Alpha-Synuclein Suppresses Retinoic Acid-Induced Neuronal Differentiation by Targeting the Glycogen Synthase Kinase-3 beta/beta-Catenin Signaling Pathway

Abstract

Alpha-synuclein (alpha-SYN) is expressed during neuronal development and is mainly involved in the modulation of synaptic transmission. Missense mutations and amplifications of this gene have been associated with the pathogenesis of Parkinson's disease. Here, we evaluate whether alpha-SYN plays a detrimental role in the phenotypic and morphological regulation of neurons. We also identify the underlying mechanisms of this process in all-trans-retinoic acid (RA)-induced differentiated SH-SY5Y cells, which represents dopaminergic (DAergic) phenotype. Our results indicate that overexpression of wild-type or mutant A53T alpha-SYN attenuated the RA-induced upregulation of tyrosine hydroxylase and dopamine transporter as well as neurite outgrowth in SH-SY5Y cells. In addition, GSK-3 beta inactivation and downstream beta-catenin stabilization were associated with RA-induced differentiation, which was attenuated by alpha-SYN. Moreover, protein phosphatase 2A was positively regulated by alpha-SYN and was implicated in the alpha-SYN-mediated interference with RA signaling.

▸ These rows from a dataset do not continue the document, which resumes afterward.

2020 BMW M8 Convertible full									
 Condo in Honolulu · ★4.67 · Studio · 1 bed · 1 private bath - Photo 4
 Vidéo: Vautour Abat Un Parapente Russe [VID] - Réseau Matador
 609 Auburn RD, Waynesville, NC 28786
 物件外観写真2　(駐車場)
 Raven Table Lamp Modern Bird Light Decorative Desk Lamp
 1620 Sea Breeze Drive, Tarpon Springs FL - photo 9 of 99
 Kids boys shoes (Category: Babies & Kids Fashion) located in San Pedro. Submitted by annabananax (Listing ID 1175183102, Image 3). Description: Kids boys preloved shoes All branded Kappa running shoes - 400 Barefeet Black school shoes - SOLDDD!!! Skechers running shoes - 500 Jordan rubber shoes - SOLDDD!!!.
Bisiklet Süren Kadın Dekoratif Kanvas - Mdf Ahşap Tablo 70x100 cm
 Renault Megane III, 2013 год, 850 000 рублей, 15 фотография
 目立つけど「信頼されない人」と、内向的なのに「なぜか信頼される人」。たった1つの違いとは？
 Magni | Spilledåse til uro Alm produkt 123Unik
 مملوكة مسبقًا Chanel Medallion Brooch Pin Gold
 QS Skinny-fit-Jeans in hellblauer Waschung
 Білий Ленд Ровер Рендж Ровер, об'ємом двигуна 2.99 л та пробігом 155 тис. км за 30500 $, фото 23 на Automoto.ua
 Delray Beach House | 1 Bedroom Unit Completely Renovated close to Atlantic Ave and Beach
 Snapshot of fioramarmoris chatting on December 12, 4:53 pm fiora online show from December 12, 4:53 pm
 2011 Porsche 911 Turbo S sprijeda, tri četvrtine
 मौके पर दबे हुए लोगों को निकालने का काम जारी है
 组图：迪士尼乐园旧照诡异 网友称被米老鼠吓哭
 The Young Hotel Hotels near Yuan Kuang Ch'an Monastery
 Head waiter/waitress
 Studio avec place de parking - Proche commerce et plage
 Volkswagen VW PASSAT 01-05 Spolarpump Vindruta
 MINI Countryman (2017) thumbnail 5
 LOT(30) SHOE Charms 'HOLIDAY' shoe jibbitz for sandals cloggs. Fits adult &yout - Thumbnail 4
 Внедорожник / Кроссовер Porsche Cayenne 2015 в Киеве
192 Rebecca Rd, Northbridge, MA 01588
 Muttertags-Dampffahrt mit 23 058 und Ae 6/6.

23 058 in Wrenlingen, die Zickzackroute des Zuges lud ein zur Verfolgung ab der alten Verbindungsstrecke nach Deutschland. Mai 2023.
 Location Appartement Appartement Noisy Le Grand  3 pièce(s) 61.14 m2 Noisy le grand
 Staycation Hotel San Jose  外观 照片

The results obtained from SH-SY5Y cells were verified in primary cultures of mesencephalic DAergic neurons from A53T alpha-SYN transgenic mice, which represent high levels of alpha-SYN and protein phosphatase 2A in the midbrain. The number and length of neurites in tyrosine hydroxylase-positive as well as Tau-positive cells from A53T alpha-SYN transgenic mice were significantly lower than those in littermate controls. The current results provide novel insight into the role of alpha-SYN in the regulation of neuronal differentiation, including DAergic neurons. Identifying the signaling pathway involved in the alpha-SYN-mediated dysregulation of neuronal differentiation could lead to a better understanding of the developmental processes underlying alpha-SYN-related pathologies and facilitate the discovery of specifically targeted therapeutics.